Al contrario, esso è soggetto alle ordinarie regole sul riparto di giurisdizione e alla disciplina processuale speciale prevista dalle singole leggi d’imposta e dalla legge sul contenzioso tributario, in base alla quale le controversie in materia di rimborso di tributi sono devolute allo stesso giudice cui è conferita giurisdizione sul rapporto tributario controverso (si veda, in senso conforme, Cass. civ., Sezioni Unite, 28 settembre 2016 n. 19069).
Affinché sia ravvisabile un indebito di diritto comune, tale da radicare la giurisdizione ordinaria, occorre un esplicito riconoscimento sia della sussistenza del debito gravante sull’Amministrazione, sia del quantum di esso.
Nel caso di specie, tali requisiti non risultano sussistere.
All’opposto, il provvedimento di sospensione del rimborso si traduce nel sostanziale diniego dello stesso, seppure di carattere temporaneo (in tal senso, tra le altre, Cass. civ. sez. V, 28 agosto 2013 n. 19755).

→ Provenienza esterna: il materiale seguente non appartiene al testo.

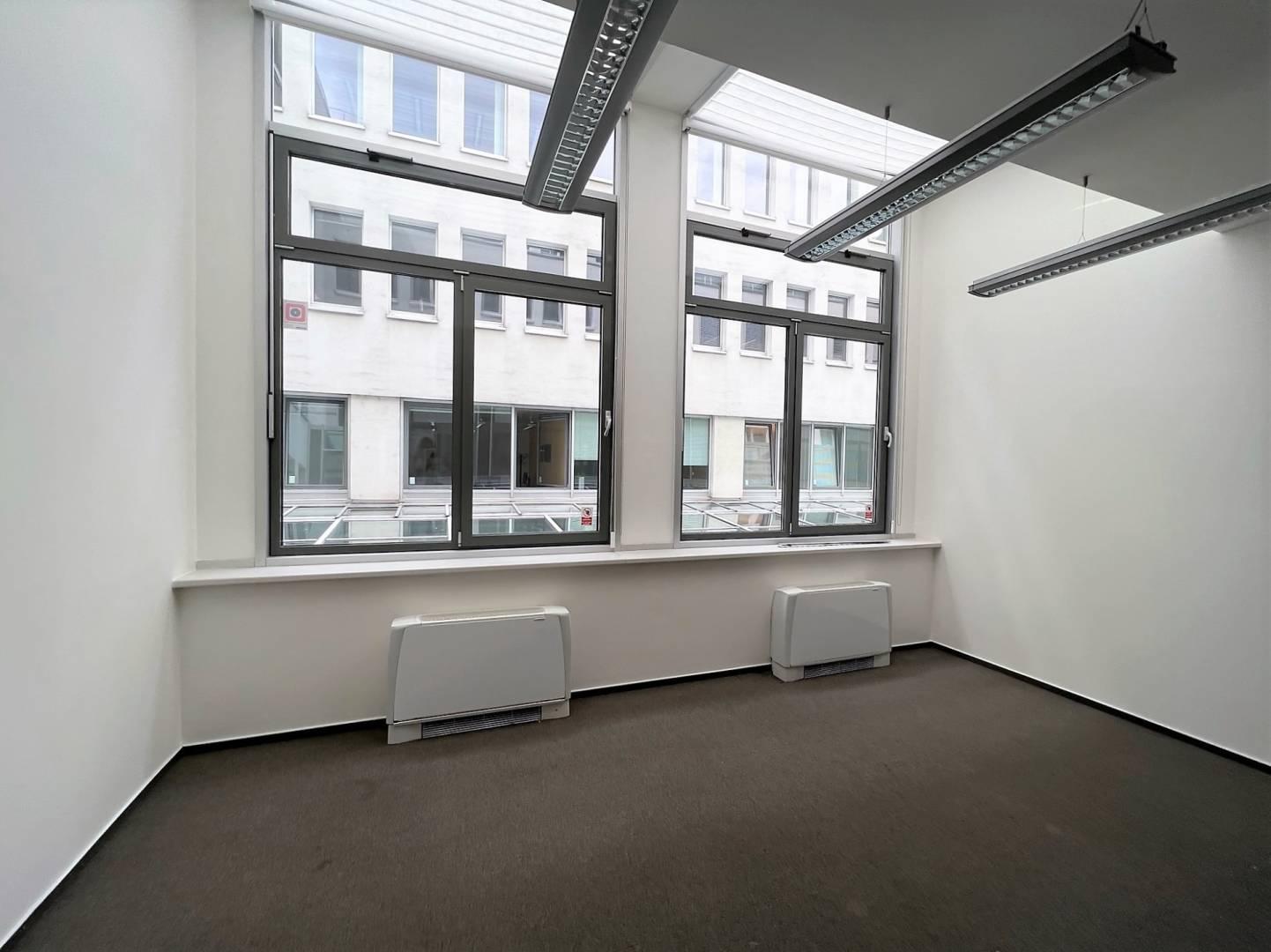 AVENUE | kancelárie  243 m2, garáž, biznis centrum v BA I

Anche il passaggio in giudicato della sentenza di annullamento del provvedimento di sospensione si rivela inidoneo a configurare l’indebito di diritto comune e, quindi, a radicare la giurisdizione ordinaria.
Spetta piuttosto al giudice tributario dell’ottemperanza l’identificazione dell’effettiva portata precettiva del giudicato vantato dalla società, al fine di enuclearne e, se necessario, precisarne il contenuto degli obblighi che ne discendono.
Ai sensi dell’art. 70 D.lgs. 31 dicembre 1992 n. 546, scopo del giudizio di ottemperanza non infatti è quello di ottenere l’esecuzione coattiva del comando contenuto nella decisione passata in giudicato, bensì quello di realizzare quel comando, e, se occorre, di integrarlo, concretizzando il principio di effettività della tutela dei diritti.
Pertanto, a fronte della condotta dell’Amministrazione di inottemperanza al giudicato concernente l’illegittimità del provvedimento di sospensione del rimborso, dovuta alla ritenuta esclusione del credito vantato dalla società, non è configurabile alcun indebito di diritto comune.
Sussiste quindi la giurisdizione del giudice tributario, dinanzi al quale le Sezioni Unite della Suprema Corte, una volta cassata la sentenza impugnata, rimettono le parti, anche per la liquidazione delle spese processuali.